The first two records that they all did as solo records were classics! All of them, you know! And so together they are great songwriters apart they are still great songwriters and musicians.
They just needed to take a break from each other, I think, musically. I think they were all gonna come back together eventually. It’s just one of those things that goes around, you know, like you leave off and then you come back.
KLAUS LUDES:
It’s still hard for you that Bob Marley is not with the band . . .
EARL “WIA” LINDO:
Yeah, that he has passed and GONE ON HIGHER,
(laughing very seriously)
that’s the way I think of it, you know.
Myself and Tyrone, I think, Tyrone and myself, we were very deeply afflicted by everything, the whole karma of everything. It’s a very traumatic thing, because it seems just in the prime of our youth when we were looking to take over the world, you know. We were on the edge of taking over the world like we were going into a new dimension.

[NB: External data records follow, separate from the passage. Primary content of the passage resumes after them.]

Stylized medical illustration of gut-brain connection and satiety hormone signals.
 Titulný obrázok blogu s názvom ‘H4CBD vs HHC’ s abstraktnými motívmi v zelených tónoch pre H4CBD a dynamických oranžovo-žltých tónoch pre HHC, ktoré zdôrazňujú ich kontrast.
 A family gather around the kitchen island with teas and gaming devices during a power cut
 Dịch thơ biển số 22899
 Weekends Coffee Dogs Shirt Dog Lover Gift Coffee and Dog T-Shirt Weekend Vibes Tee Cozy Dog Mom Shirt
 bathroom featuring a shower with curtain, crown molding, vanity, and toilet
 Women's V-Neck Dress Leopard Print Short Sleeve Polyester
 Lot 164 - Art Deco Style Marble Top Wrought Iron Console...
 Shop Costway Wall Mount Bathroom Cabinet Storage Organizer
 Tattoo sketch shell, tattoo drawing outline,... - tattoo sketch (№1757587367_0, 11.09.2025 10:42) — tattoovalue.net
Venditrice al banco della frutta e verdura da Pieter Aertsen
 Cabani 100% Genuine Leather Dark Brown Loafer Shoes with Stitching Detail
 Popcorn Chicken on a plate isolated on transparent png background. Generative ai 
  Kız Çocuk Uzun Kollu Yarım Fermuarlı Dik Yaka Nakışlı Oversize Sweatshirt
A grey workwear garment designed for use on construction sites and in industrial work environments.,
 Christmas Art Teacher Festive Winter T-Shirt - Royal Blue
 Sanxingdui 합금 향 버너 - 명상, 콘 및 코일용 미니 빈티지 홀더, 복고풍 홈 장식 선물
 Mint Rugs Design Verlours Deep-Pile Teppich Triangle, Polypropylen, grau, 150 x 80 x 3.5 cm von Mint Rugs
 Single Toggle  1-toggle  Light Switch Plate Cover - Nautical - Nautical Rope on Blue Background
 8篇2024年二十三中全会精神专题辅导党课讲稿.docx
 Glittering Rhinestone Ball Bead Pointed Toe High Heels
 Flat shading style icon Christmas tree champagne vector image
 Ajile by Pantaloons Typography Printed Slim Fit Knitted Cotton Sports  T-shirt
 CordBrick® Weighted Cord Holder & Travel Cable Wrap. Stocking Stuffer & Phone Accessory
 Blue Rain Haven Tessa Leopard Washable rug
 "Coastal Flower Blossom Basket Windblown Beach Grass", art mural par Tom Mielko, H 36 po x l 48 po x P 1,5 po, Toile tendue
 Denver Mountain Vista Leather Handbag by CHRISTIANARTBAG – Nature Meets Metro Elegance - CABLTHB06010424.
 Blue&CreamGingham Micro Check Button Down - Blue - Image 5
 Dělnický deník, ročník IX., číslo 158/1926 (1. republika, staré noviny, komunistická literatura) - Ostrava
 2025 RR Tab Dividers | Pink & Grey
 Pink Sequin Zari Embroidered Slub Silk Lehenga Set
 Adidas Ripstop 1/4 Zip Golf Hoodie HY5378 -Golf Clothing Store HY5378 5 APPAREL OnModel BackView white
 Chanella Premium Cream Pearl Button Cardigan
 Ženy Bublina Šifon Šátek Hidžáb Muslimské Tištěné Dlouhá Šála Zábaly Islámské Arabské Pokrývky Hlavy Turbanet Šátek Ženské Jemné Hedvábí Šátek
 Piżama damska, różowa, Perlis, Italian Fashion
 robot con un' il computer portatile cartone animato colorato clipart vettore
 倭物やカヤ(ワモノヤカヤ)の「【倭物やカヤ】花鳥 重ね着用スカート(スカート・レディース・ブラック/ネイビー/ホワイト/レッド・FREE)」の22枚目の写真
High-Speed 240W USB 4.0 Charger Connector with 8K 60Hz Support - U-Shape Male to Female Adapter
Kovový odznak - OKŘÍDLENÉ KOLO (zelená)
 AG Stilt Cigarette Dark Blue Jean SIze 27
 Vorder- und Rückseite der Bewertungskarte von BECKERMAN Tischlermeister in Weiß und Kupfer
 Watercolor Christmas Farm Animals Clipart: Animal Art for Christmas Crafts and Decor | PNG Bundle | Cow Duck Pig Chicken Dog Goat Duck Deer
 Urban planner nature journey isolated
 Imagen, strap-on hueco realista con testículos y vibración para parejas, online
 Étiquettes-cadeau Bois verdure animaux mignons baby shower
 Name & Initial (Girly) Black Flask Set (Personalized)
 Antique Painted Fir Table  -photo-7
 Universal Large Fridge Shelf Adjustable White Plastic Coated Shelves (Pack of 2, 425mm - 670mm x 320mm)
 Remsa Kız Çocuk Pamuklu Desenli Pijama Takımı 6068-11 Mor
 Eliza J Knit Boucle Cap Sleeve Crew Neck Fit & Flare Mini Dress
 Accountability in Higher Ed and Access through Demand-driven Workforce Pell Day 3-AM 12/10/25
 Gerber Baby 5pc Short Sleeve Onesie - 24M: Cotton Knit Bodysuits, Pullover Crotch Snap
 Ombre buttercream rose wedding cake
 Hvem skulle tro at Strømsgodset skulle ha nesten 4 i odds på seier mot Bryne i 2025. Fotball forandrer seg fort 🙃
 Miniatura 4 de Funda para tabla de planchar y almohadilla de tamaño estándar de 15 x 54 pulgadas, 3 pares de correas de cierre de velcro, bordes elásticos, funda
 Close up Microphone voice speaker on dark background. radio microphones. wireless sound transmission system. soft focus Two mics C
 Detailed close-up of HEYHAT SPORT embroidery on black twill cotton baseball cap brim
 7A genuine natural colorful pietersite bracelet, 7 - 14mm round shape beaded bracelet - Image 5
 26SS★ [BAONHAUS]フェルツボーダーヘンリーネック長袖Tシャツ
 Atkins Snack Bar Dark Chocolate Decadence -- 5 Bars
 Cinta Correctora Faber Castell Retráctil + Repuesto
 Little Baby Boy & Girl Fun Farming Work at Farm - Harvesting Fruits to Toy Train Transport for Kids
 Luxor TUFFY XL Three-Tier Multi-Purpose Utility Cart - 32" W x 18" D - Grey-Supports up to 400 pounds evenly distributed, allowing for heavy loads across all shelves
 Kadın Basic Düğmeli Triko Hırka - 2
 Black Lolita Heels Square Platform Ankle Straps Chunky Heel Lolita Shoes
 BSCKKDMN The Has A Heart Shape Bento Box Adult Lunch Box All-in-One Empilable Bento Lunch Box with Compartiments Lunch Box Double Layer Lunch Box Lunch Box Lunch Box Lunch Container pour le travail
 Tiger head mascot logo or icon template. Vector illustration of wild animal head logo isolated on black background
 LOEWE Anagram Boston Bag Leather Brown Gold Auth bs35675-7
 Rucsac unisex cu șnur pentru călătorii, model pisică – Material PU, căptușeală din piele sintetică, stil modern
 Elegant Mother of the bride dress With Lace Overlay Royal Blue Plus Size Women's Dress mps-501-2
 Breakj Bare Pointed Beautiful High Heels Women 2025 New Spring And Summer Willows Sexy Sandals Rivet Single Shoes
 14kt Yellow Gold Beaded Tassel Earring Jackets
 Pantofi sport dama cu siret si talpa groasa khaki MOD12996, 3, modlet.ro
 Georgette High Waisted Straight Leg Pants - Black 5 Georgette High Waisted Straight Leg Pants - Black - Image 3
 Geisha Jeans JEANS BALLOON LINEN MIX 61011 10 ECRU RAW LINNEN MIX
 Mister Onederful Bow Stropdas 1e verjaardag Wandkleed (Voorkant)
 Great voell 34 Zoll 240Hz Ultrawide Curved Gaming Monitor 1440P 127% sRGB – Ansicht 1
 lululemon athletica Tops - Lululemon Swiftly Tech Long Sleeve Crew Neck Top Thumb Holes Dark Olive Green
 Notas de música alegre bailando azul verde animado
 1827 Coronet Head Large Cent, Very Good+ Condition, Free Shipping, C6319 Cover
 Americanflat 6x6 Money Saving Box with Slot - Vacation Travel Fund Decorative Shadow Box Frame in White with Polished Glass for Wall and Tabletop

But spiritually I know that we would not be shaken from our spiritual position with God, with Rastafari.
The Father knows who are the Chosen Ones and who he has chosen to be with him and to be on his right hand side of God, you know. So no event on earth can shake us from that!
LUDES:
What’s the reason why the Bob Marley and the Wailers music is so impressive?
LINDO:
Because when we write we write from a kind of high universal kind of plain of ideas, you know. From a high platonic plain of ideas.
We are like—we can feel—you know, you get that universal consciousness, you can feel the whole world in your consciousness, mind. I think, Bob is very gifted that way, you know what I mean. Even when we feel like we are equally as high as he is it’s like, you know,
(looking down on the ground)
it’s like he is just looking down here like that, still!
It seems I’m always there when the ideas, when Bob has his ideas, you know when,
(getting excited)
like a brainstorm, when he gets that brainstorm idea: BOOM!!! Like that, you know. I always happen to be there.
LUDES:
Where did Bob compose? In the studio or at home . . . ?
LINDO:
On the road. On the road a lot. A lot of compositions, like:
men see their dreams and aspirations crumble in front of their face and all
their wicked intentions to destroy the human race
(from “Chant down Babylon”)
.
You know them kind of lyrics. I heard him compose that in Brussels!
LUDES:
The last song that Bob Marley composed was ‘Redemption Song’. Redemption Song does not have roots reggae rhythm. But to me it is the most impressive song. How could he write such powerful lyrics and music?
LINDO:
There’s ideas in our minds, you know, like the magnetism in the atmosphere. We had that and it was going on and it was very strong.
LUDES:
And did he compose it in the studio . . . ?
LINDO:
No, when we were on the road.
LUDES:
Really!?
LINDO:
Yes. I think it was in Stuttgart. One Love Peace Concert in 1978.
LUDES:
When you watch the video of the One Love Peace Concert in 1978 you see many performances of many musicians, but the performance of Bob Marley and the Wailers was outstanding, historical.
LINDO:
We wanted to prove we are harder than that! Like we are trying to prove that we are harder than that! We are just a harder thing than just making commercial success, you know what I mean!? We can chart nyabinghi, you know!
No other group could do that, I don’t think. They couldn’t do that. Because they were too materially focused. They didn’t . . . their perception of the mind was limited. So, that’s why that was such—how you call it—“historical.”
T
he date is permanently etched on Junior Marvin’s mind. “Jan. 14, 1977—that was the day I joined The Wailers. I’ll never forget it, what it meant to me to be playing with Bob Marley.”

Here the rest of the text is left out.